There are a number of headwinds facing Canadian producers. At times, pipeline contraints have led to a big price differential between Western Canadian Select (heavy crude) and WTI prices. At times, the price was so significant that producers were producing at a loss, despite the recovery in WTI prices. This led to a number of strategies, including shipping oil by rail and production curtailments by the government of Alberta. The latter proved to be yet another headwind for the industry.
Negative sentiment persists, as public policy has failed to ease, and, in certain cases, have compounded the headwinds facing Canada’s oil patch. It is for this reason that investors remain skeptical and have thus far shied away from investing in Canada’s oil and gas industry. The end result? Companies are trading at valuations not seen in over a decade.
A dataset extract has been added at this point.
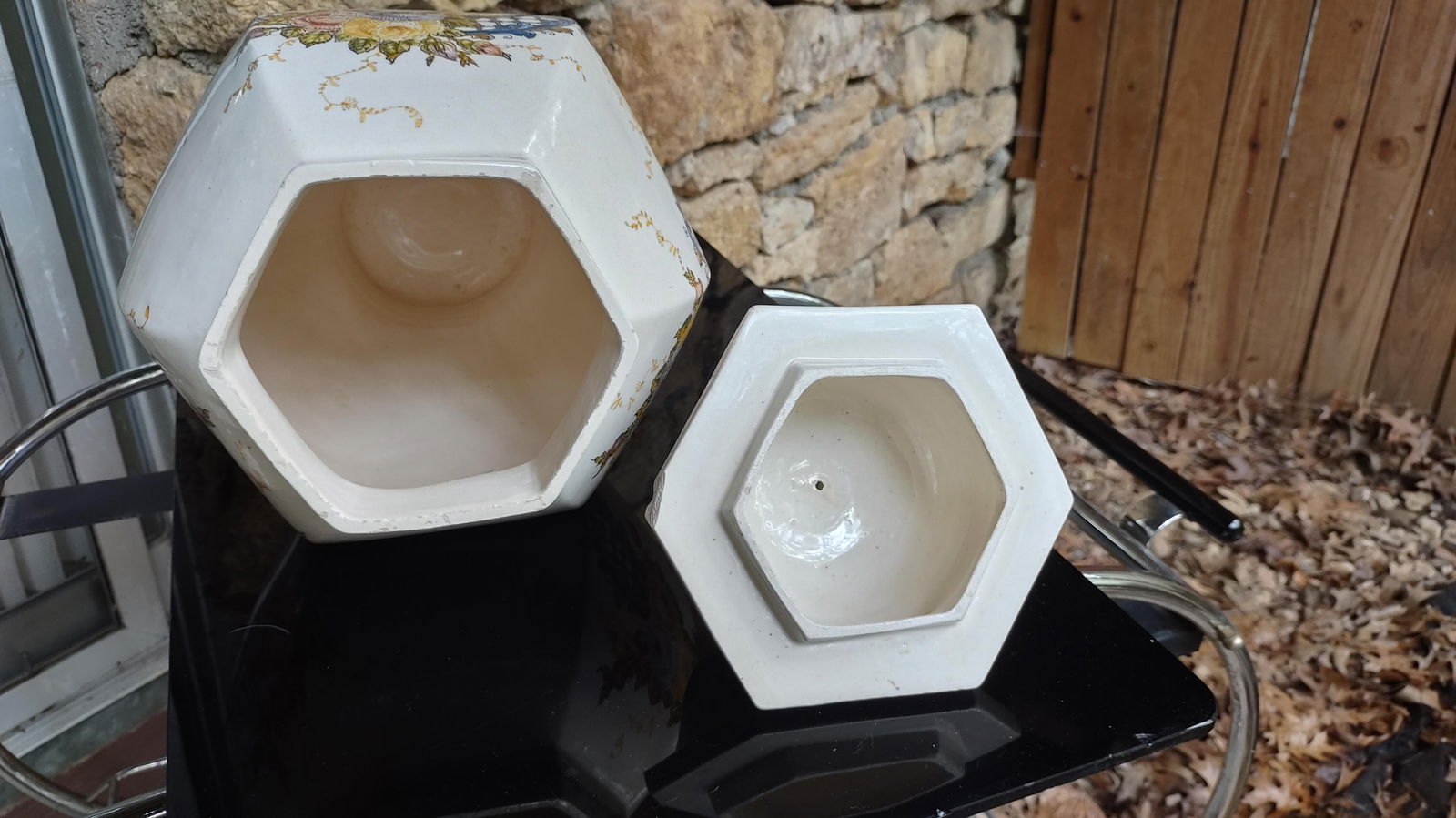 Mid 20th Century Monumental Italian Majolica Hand-Painted Ginger Jar - 8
Contrarian investors will recognize this as an opportunity to get in on the bottom floor. The best way to play the industry is to invest in blue-chip, high-quality companies that are best prepared to weather any prolonged bear market. A company such as Suncor (TSX:SU)(NYSE:SU) is a good way to position your portfolio for outsized gains in the event of an industry rebound or to protect it against considerable downside in the event the industry continues to struggle.
Despite tough times, Suncor’s share price has averaged 4.41% annual returns over the past five years. This is above the S&P/TSX five year annual average of 3.6% and crushes the negative returns posted by the S&P/TSX Energy Index (-5.31% annual average).
Suncor is a low-cost producer which generates considerable cash. Over the past five years, funds from operations (FFO) were more than sufficient to cover capital expenditures and the dividend. In fact, the company even generated positive free cash flow throughout the most recent bear market. This has enabled to company to remain one of the best income stocks in the industry as a Canadian Dividend Aristocrat.
This oil major has an attractive starting yield (3.94%) and has grown the dividend for 17 consecutive years. The company is expected to grow FFO by an average of 5% annually through 2023, and the dividend is expected to grow in line with FFO. Safe and reliable income is one of the reasons why Suncor is considered one of the industry’s best. It is also the main reason why it remains a top energy pick for 2020.